— SUPPLIED MATERIAL —
┌──

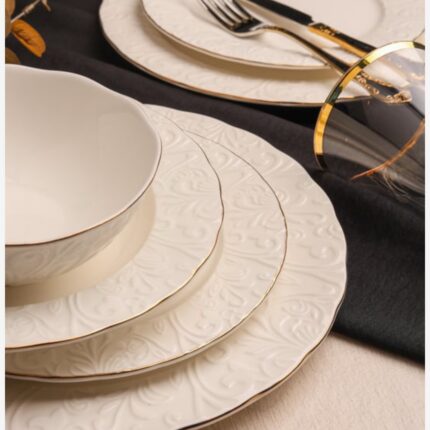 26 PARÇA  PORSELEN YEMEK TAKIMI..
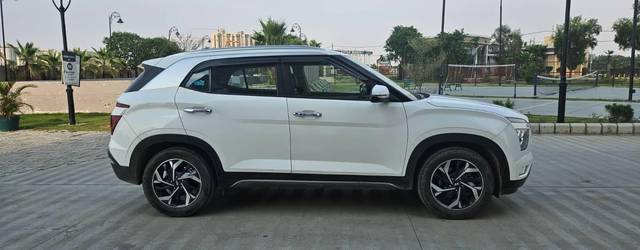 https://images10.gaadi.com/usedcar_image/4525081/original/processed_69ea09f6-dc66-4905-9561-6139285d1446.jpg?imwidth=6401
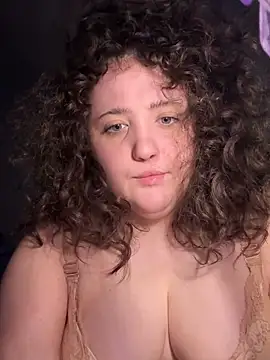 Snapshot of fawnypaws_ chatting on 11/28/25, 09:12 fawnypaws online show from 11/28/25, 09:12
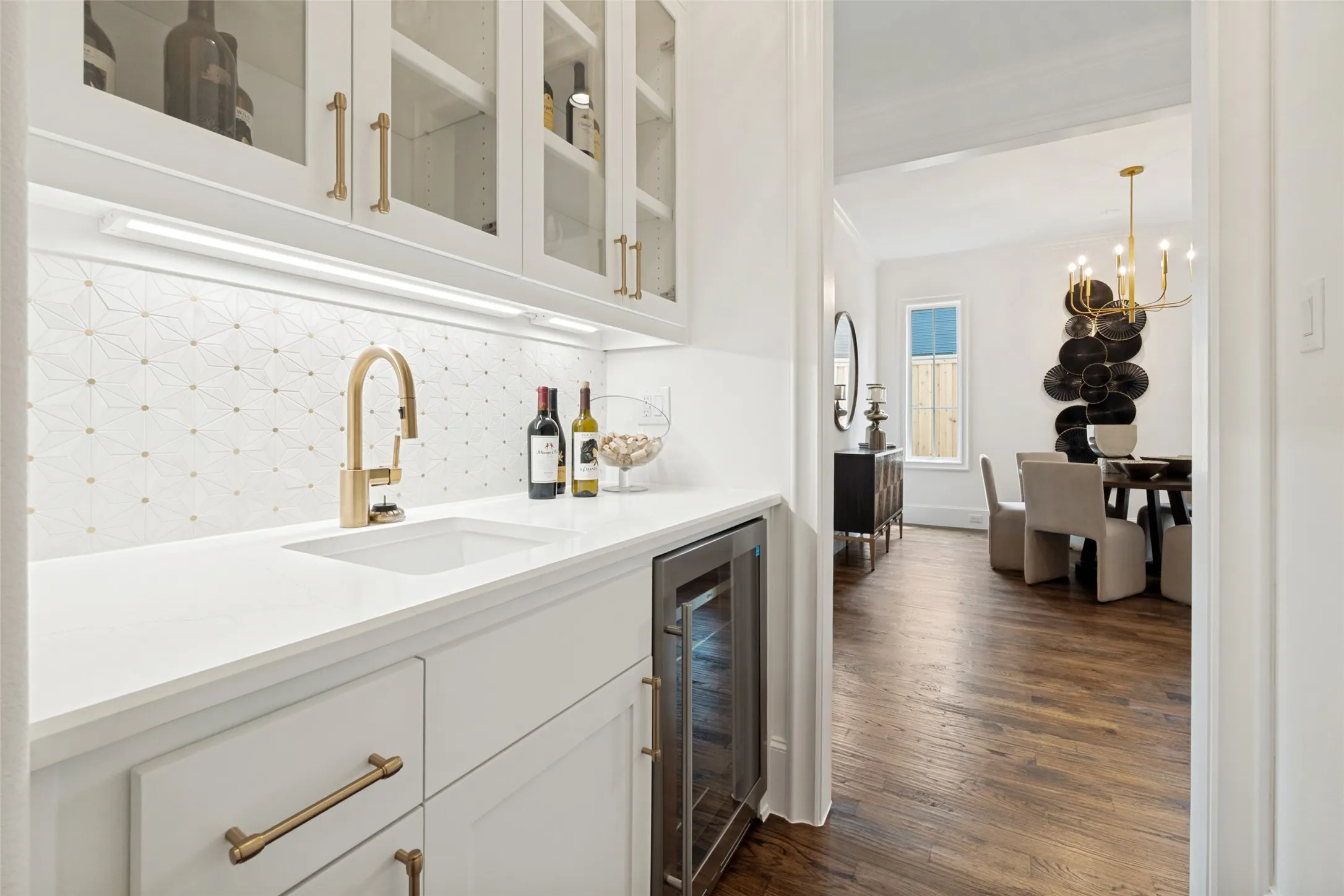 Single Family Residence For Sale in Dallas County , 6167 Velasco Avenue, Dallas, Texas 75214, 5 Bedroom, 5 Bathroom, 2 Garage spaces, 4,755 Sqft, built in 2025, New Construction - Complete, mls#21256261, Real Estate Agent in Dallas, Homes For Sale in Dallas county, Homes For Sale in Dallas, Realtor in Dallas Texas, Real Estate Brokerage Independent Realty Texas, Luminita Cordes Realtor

└──

— PROBLEM —
The lines wanted are those from the start of the material above through the line with "Snapshot of fawnypaws_", both included; print them exactly and skip any picture.

— OUTPUT —
 26 PARÇA  PORSELEN YEMEK TAKIMI..
 https://images10.gaadi.com/usedcar_image/4525081/original/processed_69ea09f6-dc66-4905-9561-6139285d1446.jpg?imwidth=6401
 Snapshot of fawnypaws_ chatting on 11/28/25, 09:12 fawnypaws online show from 11/28/25, 09:12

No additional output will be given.